The assignment should be done __alone__ or in __groups of 2__.

You should write a report containing the following:

* A short (mathematical) description of the CCA methods (classical and high-dimensional) that you
  have implemented

* The application of your method to the *nutrimouse* data

  - Classical CCA on multivariate data with $p < n$. (*Hint: it will not be possible to apply the
    classical CCA method to the full data matrix $X$. You should subset the data to reflect the case
    of $p < n$*.)

  - High-dimensional CCA on data with $p > n$

* Interpretation and conclusion of the data analysis results

The length of the written report (excluding R code, R output and graphs) should be about 2 pages.

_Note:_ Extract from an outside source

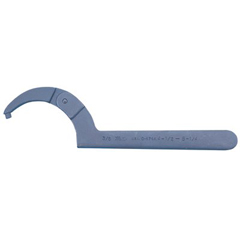 Adjustable Pin Spanners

It is recommended (but not mandatory) to prepare your report in __RMarkdown__. You can render it to
either HTML (`output: html_document`) or to PDF (`output: pdf_document`). In both cases the original
`.Rmd` file should be included when handing in the assignment. If you don't use RMarkdown, you
should include the `.R` file(s) containing your implementation and analysis scripts.

When submitting, please use the following format:

* Report: `HW-Name1-Name2.[pdf|html]`

* Source code: `HW-Name1-Name2.Rmd` (or `HW1-Name1-Name2.R`)

Submissions should be done __through UFora__ under the
"Assignments" tab (`UFora-tools --> Assignments`).

<span style="color:red">__The deadline for submission is November 17th at 23:59.__</span>